Happy Canada Day, everyone! How should we all celebrate? By trying to kick oot (ha!) all the Canadians that make life unbearable. There’s more of them you think, and here are the ones we wouldn’t mind sending home.
We’ve been blessed with a great number of wonderful things from our neighbor to the north, like Tim Horton’s, Catherine O’Hara, and—at least in my case—a magical night in a Montreal bathhouse. What we often forget are the totally annoying Canadians living right here in America under our very noses. Just look at the list of the worst offenders. They don’t even have the courtesy to have thick accents like Brits or Australians, and they grew up with mostly the same TV and movies as we did, so they blend in seamlessly! A bunch of them have already become American citizens, so now we’re not only stuck with them, they’re under the impression they’re as good as all of us who were born here.
Enough! Our country will be even better if we send the following Canucks back to their rightful home.
Justin Bieber: Not only is he annoying, but this kid has caused riots both here and abroad. He is a threat to homeland security. He should be put on some sort of no-fly list and exposure to him should be controlled like a radioactive substance. Put him in an abandoned mine in the Yukon or something. That’s what we’ll end up doing with the rest of our toxic waste anyway.
Avril Lavigne: Sure, her career is on the wane, but there can be no forgiveness for something titled “Sk8r Boi.” Do they even teach spelling in Canada?

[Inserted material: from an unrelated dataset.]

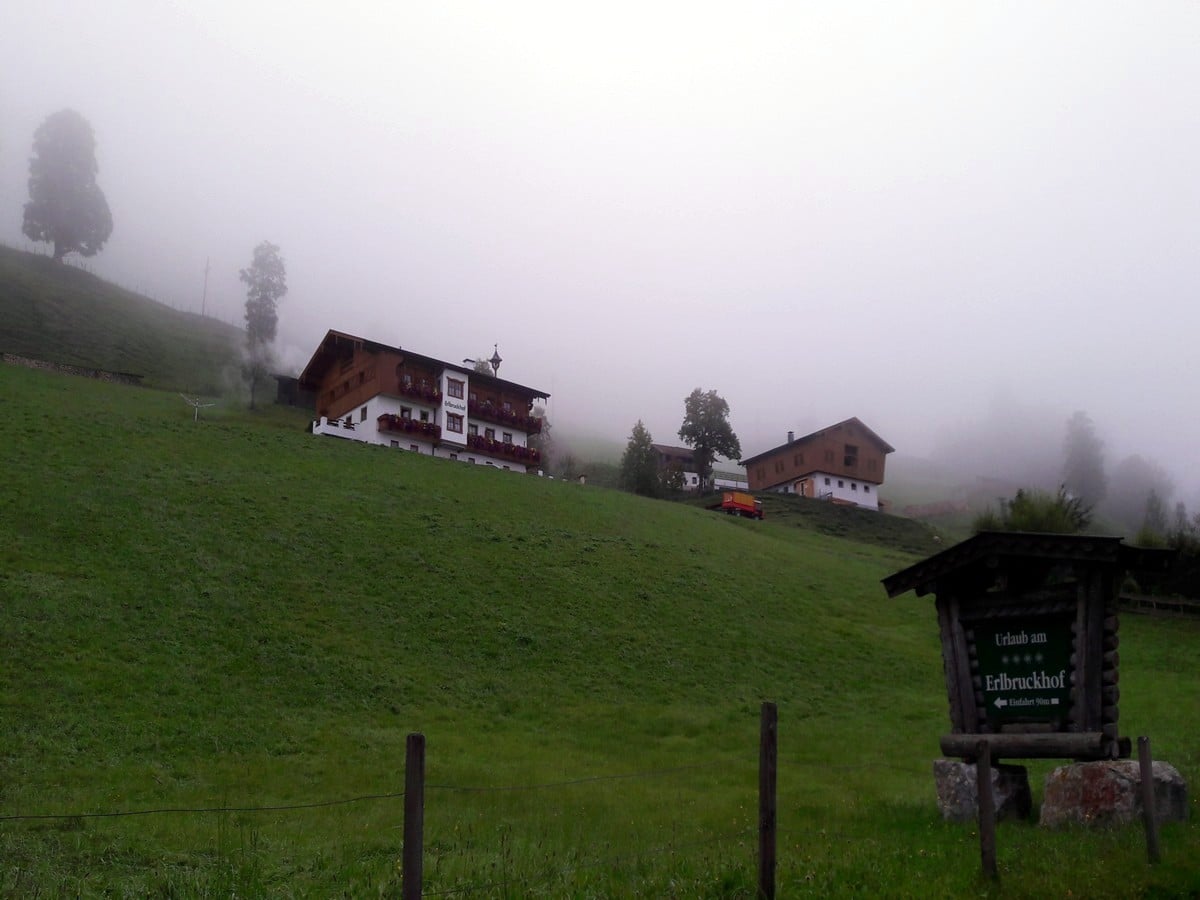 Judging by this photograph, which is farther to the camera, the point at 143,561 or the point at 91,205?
the point at 91,205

Oh, and if Brody Jenner tries to marry her to keep her in the country, he can get shipped out too. No big loss.
Pamela Anderson: This lady is so Canadian her birthday is on Canada Day. Thanks, Pam, but we seem to grow plenty of idiotic sluts who are famous for making sex tapes here in America.
Michael Cera: Seriously, a brain-dead monkey has more acting range than him. We think he’ll have a long and fruitful career doing regional theater somewhere in Saskatchewan.
Ryan Reynolds: Can he do anything other than smug sarcasm? He even uses it when playing super heroes. Then, in The Proposal, he played an American and he forced national treasure Sandra Bullock to play a Canadian. The nerve! Also, he is coated in the cooties of ex-girlfriend Alanis Morissette, who is a Canadian who at least does us the courtesy of living in Canada. Time to get the hell out, Ryan, but your delicious abs can stay.
Evangeline Lilly: Someone has to answer for the Lost finale, and sadly it’s her.
Mike Myers: After The Love Guru, we let you hang around a little while to do the voice of Shrek one last time. That movie is over. Go wander around Vancouver and terrorize people with your hockey stick there.
Keanu Reeves: We got Bill & Ted’s Excellent Adventure, My Own Private Idaho, Speed, and the first Matrix movie out of him. It’s shocking we got even that much good stuff out of this sad-sack hippie who can’t act. Like a pair of shoes you’ve worn twice, he’s slightly used, but still returnable.
Nia Vardalos: It’s bad enough that she hasn’t made anything worthwhile since My Big Fat Greek Wedding, but what’s even worse is that she hid her maple leaf roots under the blue and white flag of her ancestors. For shame!
Elisha Cuthbert: We hated you when you ruined 24 but getting caught in a mountain lion trap, but now you’re in a new sitcom called Happy Endings and it looks horrible too.
Steven Cojocaru: We only have enough room for one gay fashion minstrel in this country and right now Carson Kressley is unemployed, so you’re going to have to go.
Howie Mandel: It’s bad enough that we have to look at your bald head and listen to your shrill jokes, but the germophobia thing is just over the edge. Maybe one of those free Canadian doctors can take care of you.